Yeah, I found alot of information online, but its always nice to hear from those who actually practice it as well.

7sm


----------



## Kempo Guy (Jan 20, 2004)

BTW, although Kyokushin utilizes the knockdown rules, the rules differ slightly depending on the Kyokushin organization. If you contact the organizers of the tournament they can probably provide you with the specifics...

KG


----------



## pknox (Jan 20, 2004)

Good point.  After the death of Oyama, Kyokushinkai broke off into many splinter groups, including IKO, World Oyama, Ashihara and Enshin.  There were also some that broke off before his death, such as Seido Juku, run by Tadashi Nakamura and headquartered in NYC.  While all of them train full contact at some point in the training, and that is one of the things that Kyokushinkai and its offshoots is known for, there are subtle differences; some allow contact almost from day 1 (World Oyama), and some don't even let you spar at all until you have been training awhile, and ease you into the contact (Seido).  Different groups also train in different katas, with the Ashihara and Enshin groups training in more modern "fighting katas" that consist of two people.  Some groups train with weapons, and some don't.

This page does a pretty good job of listing the different Kyokushinkai offshoots.  I'm sure there are more than are listed here, but it is pretty comprehensive:

http://www.australiankyokushin.com/flavours.shtml


----------



## 7starmantis (Jan 20, 2004)

Thanks guys, for all your help. 
Have any of you heard of the Bushido Kia schools? They are basically an organization of school under one man. I believe their organization is ABKA. Yup, found their website, ABKA. Looks like they may be a christian organization. 

7sm


----------



## Kempo Guy (Jan 21, 2004)

Can't say I have heard of that organization. Sorry. 


Mr. PKnox,
I just wanted to let you know that Ashihara Karate actually was founded prior to Sosai Oyama's death (I believe it was founded in 1979).
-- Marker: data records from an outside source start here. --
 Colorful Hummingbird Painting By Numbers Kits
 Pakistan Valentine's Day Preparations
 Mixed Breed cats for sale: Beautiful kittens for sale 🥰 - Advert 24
According to the Ashiharakaikan they resigned from the IKO at this time, while according to the IKO the late H. Ashihara was expelled... 

BTW, after Sosai's death the IKO splintered into four different IKO branches. From what I recall the main branch is headed by Matsui Sensei.

FWIW, Ashihara and Enshin tournaments (often called Sabaki tournaments) allows for one-handed grabs and sweeps, which is not the case with Kyokushin. I believe they also allow for off-line attack from the "blind side" of the opponent... It's been a while since I've been involved with Ashihara (and Kyokushin for that matter) so my memory may be a bit off. 

KG


----------



## pknox (Jan 21, 2004)

> _Originally posted by Kempo Guy _
> *FWIW, Ashihara and Enshin tournaments (often called Sabaki tournaments) allows for one-handed grabs and sweeps, which is not the case with Kyokushin. I believe they also allow for off-line attack from the "blind side" of the opponent... *



Absolutely.  The maneuvering to the blind side is what Enshin stylists refer to as "Sabaki", and is perhaps the key philosophy of their style.  In their eyes, not only does it make their attack more effective, but it also is safer in terms of defense, since you are less likely to be able to see them, and thus strike them.


----------



## Martin h (Feb 18, 2004)

Ashihara split from Kyokushin 1980,  The founder of enshin followed ashihara, but later split with ashihara aswell.
World Oyama was founded by Shigeru Oyama (no blood relation to the founder of Kyokushin) who left kyokushin 1980 (+/- a year or so, I cant remember).
Steve Arneil left kyokushin 1991 and founded his own kyokushin organisation called IFK. It is now quite large and well respected.
Nakamura split with kyokushin 1976 and founded seido juju. Mr Ichi split with kyokushin 1980 with ashihara, but split from ashihara a few months later to found the seidokaikan (aka shodokaikan) group (and also originaly founded the K1 tournament).
Yoshiji Soeno left kyokushin 1981 to found shidokan.
Jon Bluming was expelled from kyokushin 1967. he later started a organization that after several namechanges now call themself kyokushin budokai.  (and teach a mix of kyokushin, kickboxing and judo.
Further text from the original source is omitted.